Short web captions
- - - - - - -
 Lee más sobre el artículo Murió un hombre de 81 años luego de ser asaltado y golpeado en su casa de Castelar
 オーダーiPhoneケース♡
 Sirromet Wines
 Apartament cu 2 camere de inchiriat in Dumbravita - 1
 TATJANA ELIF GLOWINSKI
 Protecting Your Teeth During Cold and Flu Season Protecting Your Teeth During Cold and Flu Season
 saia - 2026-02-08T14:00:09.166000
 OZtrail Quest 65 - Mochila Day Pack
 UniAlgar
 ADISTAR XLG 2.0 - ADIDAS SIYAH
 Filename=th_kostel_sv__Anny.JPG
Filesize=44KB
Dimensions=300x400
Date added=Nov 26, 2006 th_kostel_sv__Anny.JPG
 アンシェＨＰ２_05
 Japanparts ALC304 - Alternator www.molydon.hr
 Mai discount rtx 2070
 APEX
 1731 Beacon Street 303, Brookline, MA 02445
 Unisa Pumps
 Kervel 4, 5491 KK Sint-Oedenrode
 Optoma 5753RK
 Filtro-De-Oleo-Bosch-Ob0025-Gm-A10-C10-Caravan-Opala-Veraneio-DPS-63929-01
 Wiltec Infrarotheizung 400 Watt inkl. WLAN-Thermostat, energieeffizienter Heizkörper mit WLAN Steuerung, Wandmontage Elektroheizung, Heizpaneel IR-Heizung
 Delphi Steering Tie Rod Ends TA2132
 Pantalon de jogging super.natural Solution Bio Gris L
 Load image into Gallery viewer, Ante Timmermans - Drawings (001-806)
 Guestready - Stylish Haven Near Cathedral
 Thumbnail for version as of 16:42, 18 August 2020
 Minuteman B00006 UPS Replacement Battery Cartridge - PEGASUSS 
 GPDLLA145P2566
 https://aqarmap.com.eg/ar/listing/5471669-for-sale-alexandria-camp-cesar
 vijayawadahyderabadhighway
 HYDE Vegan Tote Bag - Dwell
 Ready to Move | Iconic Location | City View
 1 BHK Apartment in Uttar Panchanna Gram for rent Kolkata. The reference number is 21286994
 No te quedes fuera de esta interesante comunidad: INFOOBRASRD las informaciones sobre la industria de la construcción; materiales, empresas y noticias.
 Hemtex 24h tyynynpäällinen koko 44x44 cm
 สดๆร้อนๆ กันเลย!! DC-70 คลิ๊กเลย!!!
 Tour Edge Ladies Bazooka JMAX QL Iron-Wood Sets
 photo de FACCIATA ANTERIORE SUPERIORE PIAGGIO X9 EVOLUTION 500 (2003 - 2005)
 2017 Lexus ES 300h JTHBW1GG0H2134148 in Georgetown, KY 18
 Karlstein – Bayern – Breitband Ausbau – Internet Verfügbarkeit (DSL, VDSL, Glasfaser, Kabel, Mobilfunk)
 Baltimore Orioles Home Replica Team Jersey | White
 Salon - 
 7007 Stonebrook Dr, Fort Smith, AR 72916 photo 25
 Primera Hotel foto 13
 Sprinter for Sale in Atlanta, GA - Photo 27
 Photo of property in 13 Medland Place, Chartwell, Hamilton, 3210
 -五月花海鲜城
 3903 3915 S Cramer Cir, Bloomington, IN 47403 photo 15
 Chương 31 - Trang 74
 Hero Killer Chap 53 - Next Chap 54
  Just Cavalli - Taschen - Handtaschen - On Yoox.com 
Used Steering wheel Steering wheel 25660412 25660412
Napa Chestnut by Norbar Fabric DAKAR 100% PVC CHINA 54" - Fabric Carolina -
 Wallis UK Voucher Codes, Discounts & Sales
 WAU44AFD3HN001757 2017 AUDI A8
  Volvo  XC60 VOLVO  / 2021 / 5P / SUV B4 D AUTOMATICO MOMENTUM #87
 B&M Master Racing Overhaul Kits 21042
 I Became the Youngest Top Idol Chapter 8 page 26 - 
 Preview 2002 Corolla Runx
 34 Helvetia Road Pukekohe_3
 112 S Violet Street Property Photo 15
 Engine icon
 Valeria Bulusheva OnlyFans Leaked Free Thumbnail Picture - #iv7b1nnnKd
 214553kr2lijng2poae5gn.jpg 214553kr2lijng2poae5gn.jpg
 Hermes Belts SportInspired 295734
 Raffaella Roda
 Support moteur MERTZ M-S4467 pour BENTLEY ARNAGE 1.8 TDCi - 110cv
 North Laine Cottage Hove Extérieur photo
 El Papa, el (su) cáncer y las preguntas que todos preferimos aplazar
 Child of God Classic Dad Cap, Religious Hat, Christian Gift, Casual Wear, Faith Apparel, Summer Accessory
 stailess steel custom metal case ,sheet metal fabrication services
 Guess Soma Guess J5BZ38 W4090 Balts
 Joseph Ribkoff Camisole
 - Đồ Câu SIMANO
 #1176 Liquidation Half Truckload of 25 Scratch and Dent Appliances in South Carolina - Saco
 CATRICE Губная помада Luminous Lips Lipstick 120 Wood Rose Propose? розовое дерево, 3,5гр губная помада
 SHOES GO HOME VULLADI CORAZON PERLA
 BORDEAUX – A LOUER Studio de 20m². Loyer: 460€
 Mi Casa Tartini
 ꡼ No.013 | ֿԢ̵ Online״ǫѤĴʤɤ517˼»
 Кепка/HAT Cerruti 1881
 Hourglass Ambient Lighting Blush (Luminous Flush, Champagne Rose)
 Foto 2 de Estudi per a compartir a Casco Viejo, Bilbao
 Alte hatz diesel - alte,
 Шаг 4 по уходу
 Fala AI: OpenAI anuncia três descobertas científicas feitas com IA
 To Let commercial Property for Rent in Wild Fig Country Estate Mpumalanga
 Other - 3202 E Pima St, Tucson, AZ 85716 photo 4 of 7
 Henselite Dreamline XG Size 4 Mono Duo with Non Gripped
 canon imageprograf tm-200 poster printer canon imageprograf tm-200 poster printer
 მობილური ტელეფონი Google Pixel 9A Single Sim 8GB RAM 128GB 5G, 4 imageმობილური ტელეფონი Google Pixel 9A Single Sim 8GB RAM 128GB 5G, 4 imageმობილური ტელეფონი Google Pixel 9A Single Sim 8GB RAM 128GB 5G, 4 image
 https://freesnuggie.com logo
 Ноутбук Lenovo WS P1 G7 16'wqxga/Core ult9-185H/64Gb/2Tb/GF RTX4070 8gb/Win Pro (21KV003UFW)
- - - - - - -
## Work order
Please write the data above out again, exactly the same.

## Expected answer
 Lee más sobre el artículo Murió un hombre de 81 años luego de ser asaltado y golpeado en su casa de Castelar
 オーダーiPhoneケース♡
 Sirromet Wines
 Apartament cu 2 camere de inchiriat in Dumbravita - 1
 TATJANA ELIF GLOWINSKI
 Protecting Your Teeth During Cold and Flu Season Protecting Your Teeth During Cold and Flu Season
 saia - 2026-02-08T14:00:09.166000
 OZtrail Quest 65 - Mochila Day Pack
 UniAlgar
 ADISTAR XLG 2.0 - ADIDAS SIYAH
 Filename=th_kostel_sv__Anny.JPG
Filesize=44KB
Dimensions=300x400
Date added=Nov 26, 2006 th_kostel_sv__Anny.JPG
 アンシェＨＰ２_05
 Japanparts ALC304 - Alternator www.molydon.hr
 Mai discount rtx 2070
 APEX
 1731 Beacon Street 303, Brookline, MA 02445
 Unisa Pumps
 Kervel 4, 5491 KK Sint-Oedenrode
 Optoma 5753RK
 Filtro-De-Oleo-Bosch-Ob0025-Gm-A10-C10-Caravan-Opala-Veraneio-DPS-63929-01
 Wiltec Infrarotheizung 400 Watt inkl. WLAN-Thermostat, energieeffizienter Heizkörper mit WLAN Steuerung, Wandmontage Elektroheizung, Heizpaneel IR-Heizung
 Delphi Steering Tie Rod Ends TA2132
 Pantalon de jogging super.natural Solution Bio Gris L
 Load image into Gallery viewer, Ante Timmermans - Drawings (001-806)
 Guestready - Stylish Haven Near Cathedral
 Thumbnail for version as of 16:42, 18 August 2020
 Minuteman B00006 UPS Replacement Battery Cartridge - PEGASUSS 
 GPDLLA145P2566
 https://aqarmap.com.eg/ar/listing/5471669-for-sale-alexandria-camp-cesar
 vijayawadahyderabadhighway
 HYDE Vegan Tote Bag - Dwell
 Ready to Move | Iconic Location | City View
 1 BHK Apartment in Uttar Panchanna Gram for rent Kolkata. The reference number is 21286994
 No te quedes fuera de esta interesante comunidad: INFOOBRASRD las informaciones sobre la industria de la construcción; materiales, empresas y noticias.
 Hemtex 24h tyynynpäällinen koko 44x44 cm
 สดๆร้อนๆ กันเลย!! DC-70 คลิ๊กเลย!!!
 Tour Edge Ladies Bazooka JMAX QL Iron-Wood Sets
 photo de FACCIATA ANTERIORE SUPERIORE PIAGGIO X9 EVOLUTION 500 (2003 - 2005)
 2017 Lexus ES 300h JTHBW1GG0H2134148 in Georgetown, KY 18
 Karlstein – Bayern – Breitband Ausbau – Internet Verfügbarkeit (DSL, VDSL, Glasfaser, Kabel, Mobilfunk)
 Baltimore Orioles Home Replica Team Jersey | White
 Salon - 
 7007 Stonebrook Dr, Fort Smith, AR 72916 photo 25
 Primera Hotel foto 13
 Sprinter for Sale in Atlanta, GA - Photo 27
 Photo of property in 13 Medland Place, Chartwell, Hamilton, 3210
 -五月花海鲜城
 3903 3915 S Cramer Cir, Bloomington, IN 47403 photo 15
 Chương 31 - Trang 74
 Hero Killer Chap 53 - Next Chap 54
  Just Cavalli - Taschen - Handtaschen - On Yoox.com 
Used Steering wheel Steering wheel 25660412 25660412
Napa Chestnut by Norbar Fabric DAKAR 100% PVC CHINA 54" - Fabric Carolina -
 Wallis UK Voucher Codes, Discounts & Sales
 WAU44AFD3HN001757 2017 AUDI A8
  Volvo  XC60 VOLVO  / 2021 / 5P / SUV B4 D AUTOMATICO MOMENTUM #87
 B&M Master Racing Overhaul Kits 21042
 I Became the Youngest Top Idol Chapter 8 page 26 - 
 Preview 2002 Corolla Runx
 34 Helvetia Road Pukekohe_3
 112 S Violet Street Property Photo 15
 Engine icon
 Valeria Bulusheva OnlyFans Leaked Free Thumbnail Picture - #iv7b1nnnKd
 214553kr2lijng2poae5gn.jpg 214553kr2lijng2poae5gn.jpg
 Hermes Belts SportInspired 295734
 Raffaella Roda
 Support moteur MERTZ M-S4467 pour BENTLEY ARNAGE 1.8 TDCi - 110cv
 North Laine Cottage Hove Extérieur photo
 El Papa, el (su) cáncer y las preguntas que todos preferimos aplazar
 Child of God Classic Dad Cap, Religious Hat, Christian Gift, Casual Wear, Faith Apparel, Summer Accessory
 stailess steel custom metal case ,sheet metal fabrication services
 Guess Soma Guess J5BZ38 W4090 Balts
 Joseph Ribkoff Camisole
 - Đồ Câu SIMANO
 #1176 Liquidation Half Truckload of 25 Scratch and Dent Appliances in South Carolina - Saco
 CATRICE Губная помада Luminous Lips Lipstick 120 Wood Rose Propose? розовое дерево, 3,5гр губная помада
 SHOES GO HOME VULLADI CORAZON PERLA
 BORDEAUX – A LOUER Studio de 20m². Loyer: 460€
 Mi Casa Tartini
 ꡼ No.013 | ֿԢ̵ Online״ǫѤĴʤɤ517˼»
 Кепка/HAT Cerruti 1881
 Hourglass Ambient Lighting Blush (Luminous Flush, Champagne Rose)
 Foto 2 de Estudi per a compartir a Casco Viejo, Bilbao
 Alte hatz diesel - alte,
 Шаг 4 по уходу
 Fala AI: OpenAI anuncia três descobertas científicas feitas com IA
 To Let commercial Property for Rent in Wild Fig Country Estate Mpumalanga
 Other - 3202 E Pima St, Tucson, AZ 85716 photo 4 of 7
 Henselite Dreamline XG Size 4 Mono Duo with Non Gripped
 canon imageprograf tm-200 poster printer canon imageprograf tm-200 poster printer
 მობილური ტელეფონი Google Pixel 9A Single Sim 8GB RAM 128GB 5G, 4 imageმობილური ტელეფონი Google Pixel 9A Single Sim 8GB RAM 128GB 5G, 4 imageმობილური ტელეფონი Google Pixel 9A Single Sim 8GB RAM 128GB 5G, 4 image
 https://freesnuggie.com logo
 Ноутбук Lenovo WS P1 G7 16'wqxga/Core ult9-185H/64Gb/2Tb/GF RTX4070 8gb/Win Pro (21KV003UFW)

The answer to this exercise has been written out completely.